◆ Problem to solve: Exact copy, no pictures: set down the lines from the one holding "Bumper grille left" through the final line of the records below.

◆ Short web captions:
»»

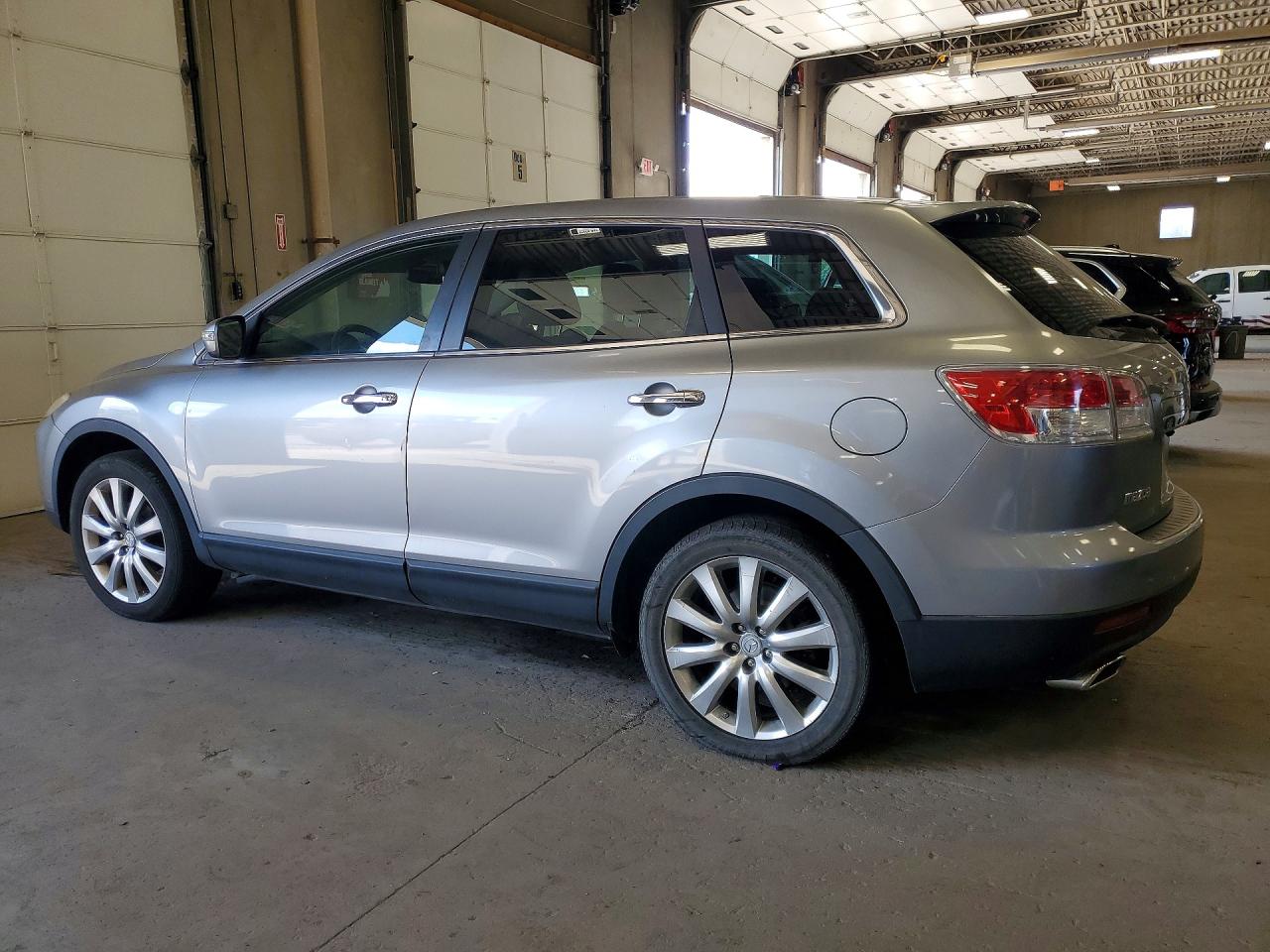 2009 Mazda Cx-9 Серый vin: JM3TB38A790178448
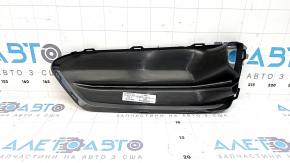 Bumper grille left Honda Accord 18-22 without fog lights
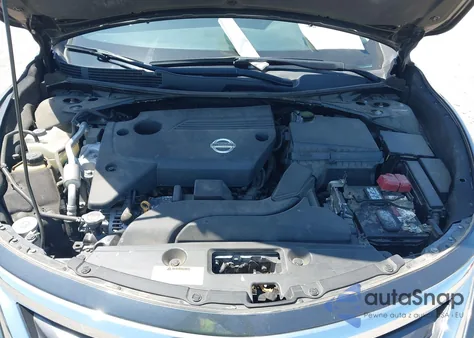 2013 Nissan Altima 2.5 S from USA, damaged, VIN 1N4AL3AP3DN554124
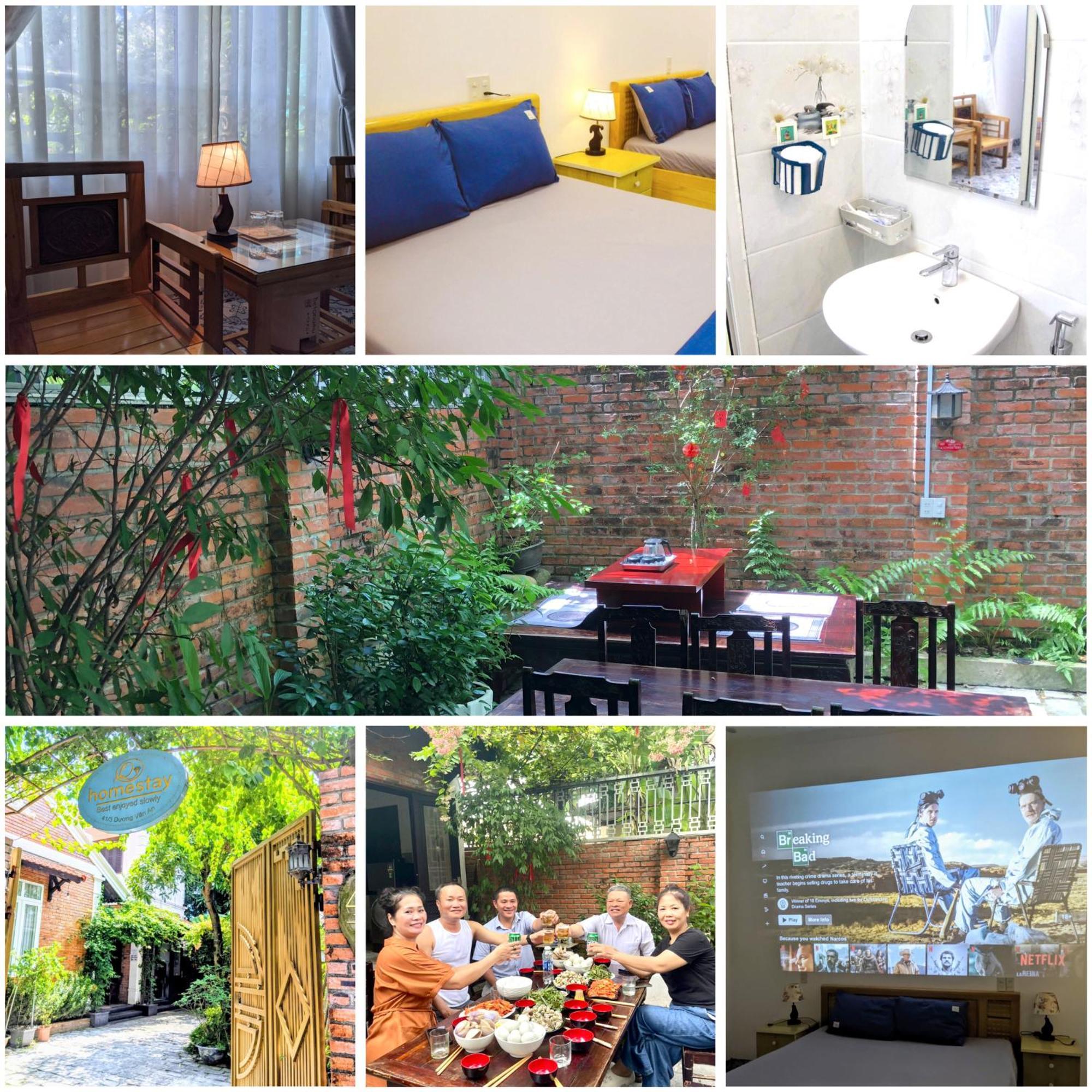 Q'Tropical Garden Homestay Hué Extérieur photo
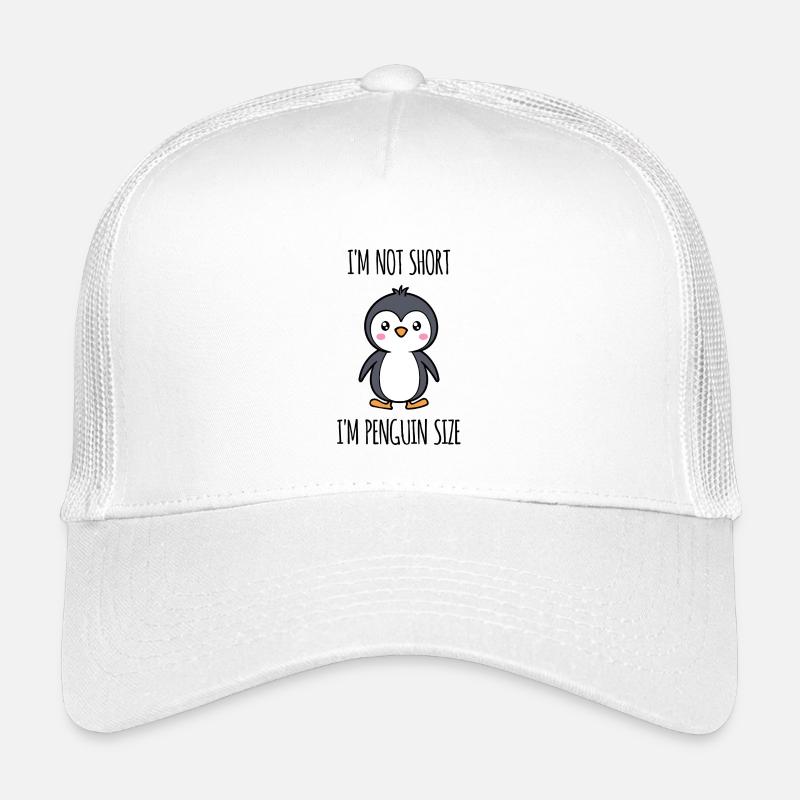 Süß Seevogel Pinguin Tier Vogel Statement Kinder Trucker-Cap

««

◆ Solution:
 Bumper grille left Honda Accord 18-22 without fog lights
 2013 Nissan Altima 2.5 S from USA, damaged, VIN 1N4AL3AP3DN554124
 Q'Tropical Garden Homestay Hué Extérieur photo
 Süß Seevogel Pinguin Tier Vogel Statement Kinder Trucker-Cap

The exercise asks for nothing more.